A poignant and beautiful portrait of a wounded gull is the basis of Havell Edition PL 241 Black-backed Gull. Also part of the exhibit is a very small painting of the gull’s foot, a painting that shows up in the plate as an added detail. The wall plaque for the gull painting identifies Audubon’s source for the main composition as the figure of Jesus in a painting by Peter Paul Rubens entitled “Descent From the Cross.”
Unlike the paintings included in Part I, many of the paintings in this exhibit include titles, part and plate numbers that would appear in the corresponding Havell Edition prints.
The exhibit includes two cases of additional material from the museum’s collection. The case shown above includes the copper printing plate for PL 138 Connecticut Warbler (far left, with finished plate shown to the right), an uncolored proof of PL 31 White-headed Eagle (center), and a pattern print (a watercolored print that was intended as a guide for colorists) of PL 188 Tree Swallow.

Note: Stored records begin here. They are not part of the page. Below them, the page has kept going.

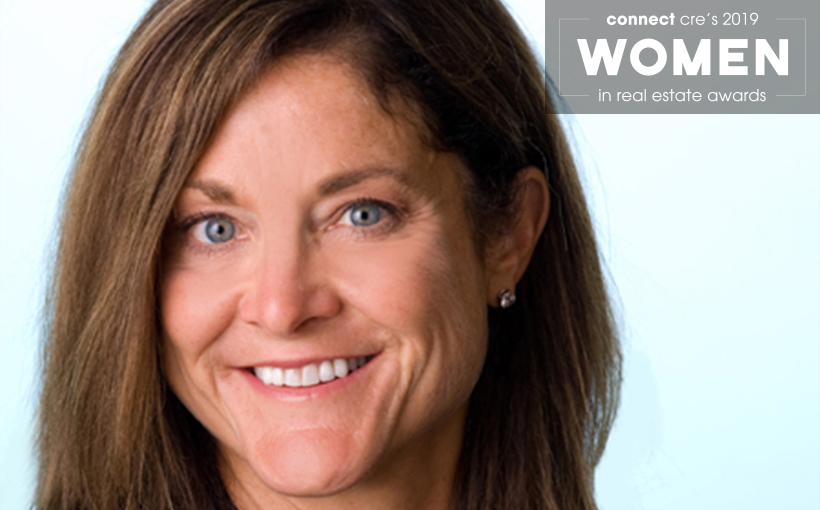 NAT_Kane_Jean_Women-in-Real-Estate-2019.png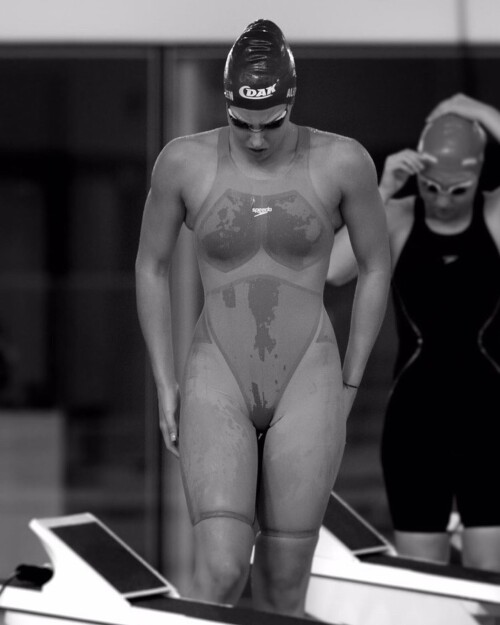 2203428941444423541 6382140108a06e5f1509e1d123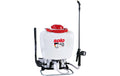 SOLO 425 Pro 15 Liter Rückenspritze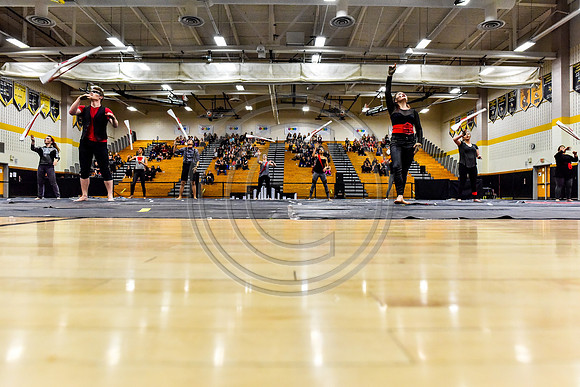 Upper Dublin Guard_170422_South Brunswick-0660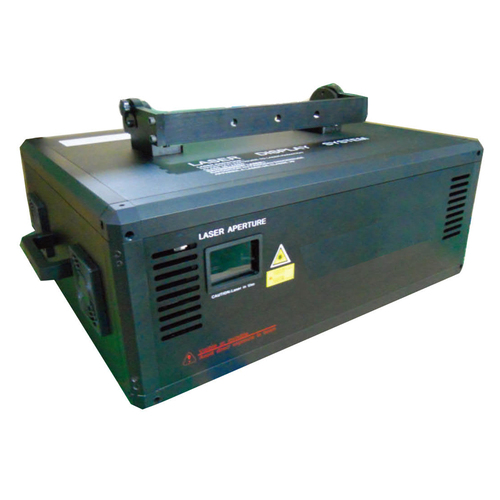 20Wȫ�ʶ��������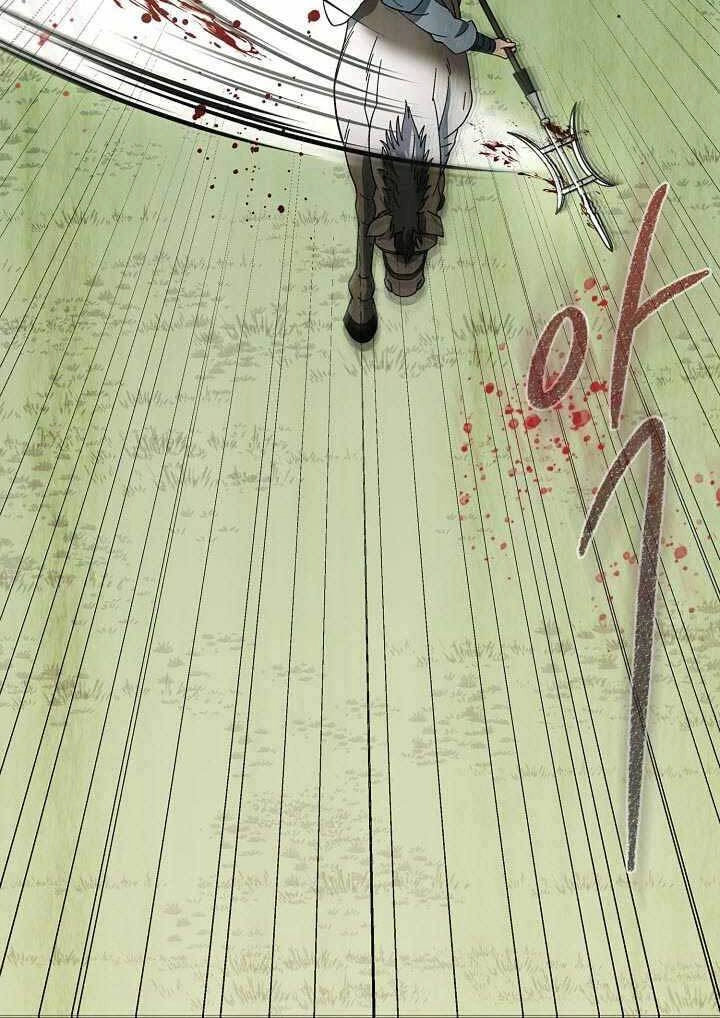 Quán Trọ Phong Ba Chapter 93 - 38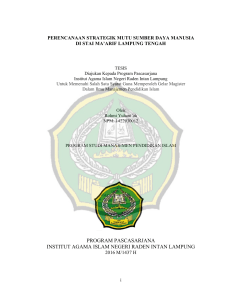 fatwa majelis ulama indonesia (mui)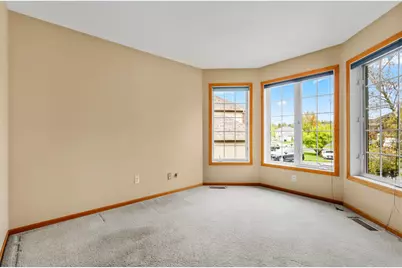 2100 Hunter Hill Court, Hudson, WI 54016 - Photo 10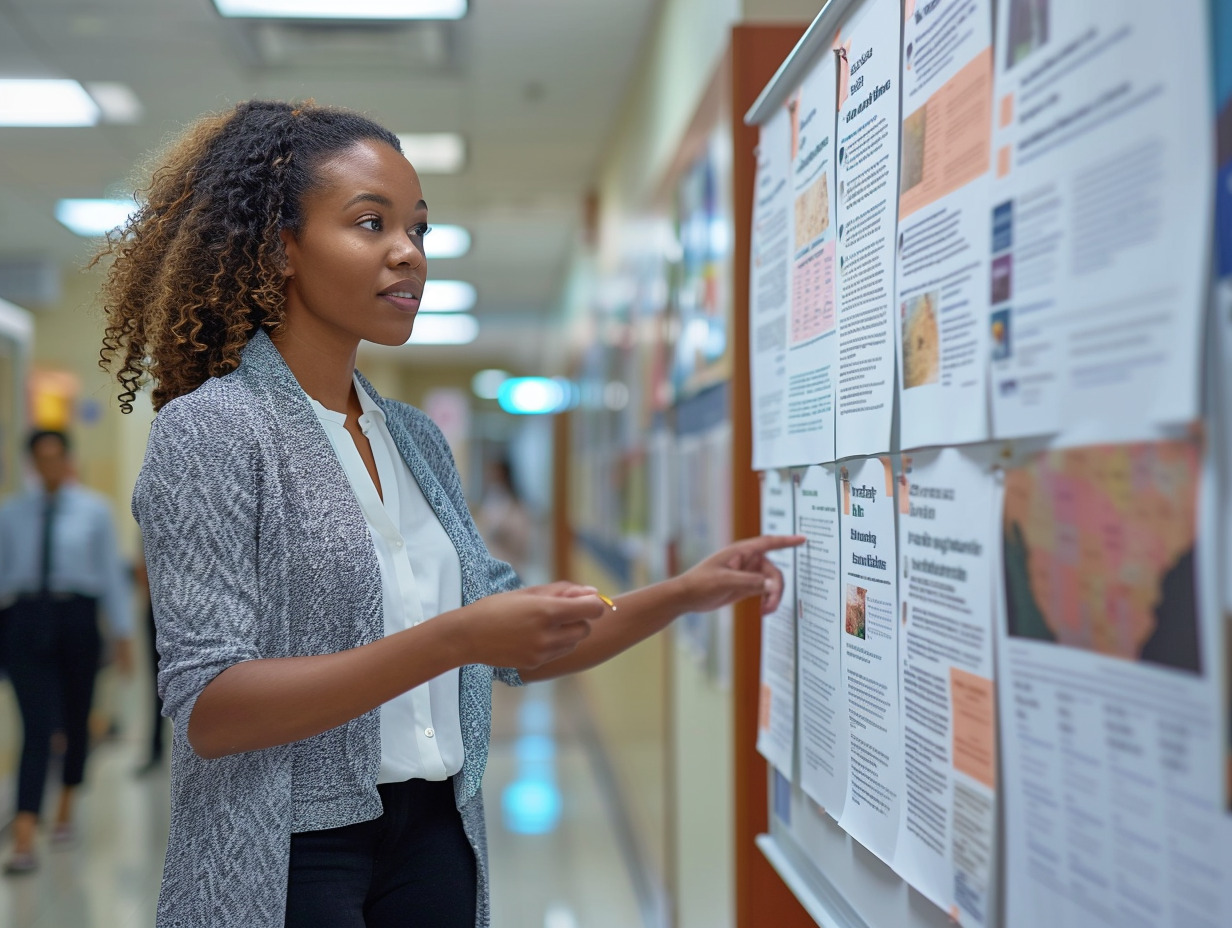 formation financée par l état : comment accéder aux aides   -  formation  et  aide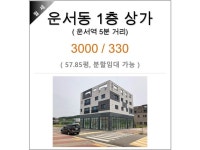 #부동산,#신성부동산,#운서동,#운서역,#영종도,#공항신도시,#역세권,#창업,#대박자리,#성공사례 | 성공사례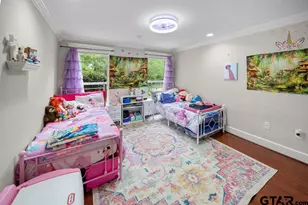 13840 Cr 2122, Tyler, TX 75707 - Photo 17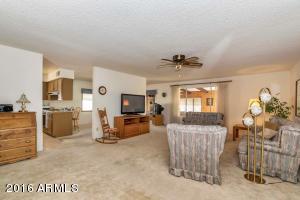 918 S Eagle Cir, Mesa, AZ 85208 photo 3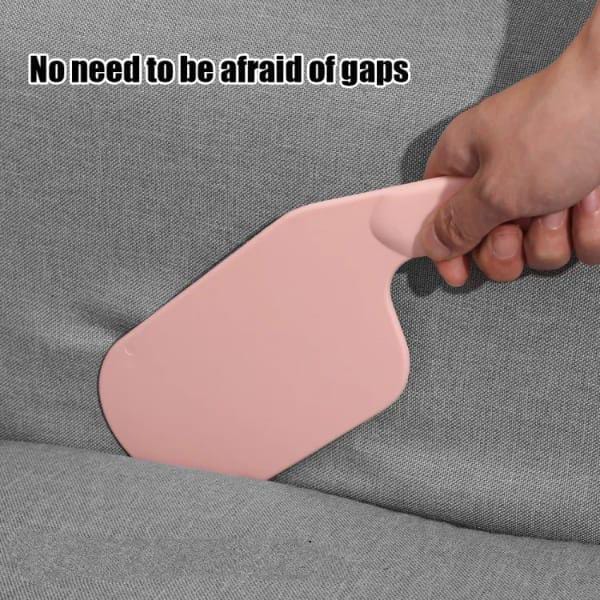 Bedsheet Tucker Tool (Pack of 2)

The uncolored print of PL 31 White-headed Eagle allows visitors to see and appreciate the subtlety and detail involved in printer Robert Havell’s work. The use of aquatint for the plates allowed a wide range of shadings that could not be achieved with more conventional etching techniques.
If you have a chance to make it to this exhibit, by all means GO! It is a worthy follow-up to the superb opening exhibit in 2013, and presages another important show in 2015. There is much of interest here, not only about Audubon, but about nature and the ways in which the world has changed since Audubon’s time. Also much appreciated is Olson’s commentary on the important contributions of Audubon’s printer Robert Havell, his artistic assistants (including Joseph Mason, George Lehman, Maria Martin, John Woodhouse Audubon and Victor Gifford Audubon) and his scientific collaborators (such as John Bachman and William MacGillivray). The exhibit makes clear that even though it took only a single mind to conceive the magnificent work that is The Birds of America, it took many talented hands to bring the concept to its full fruition.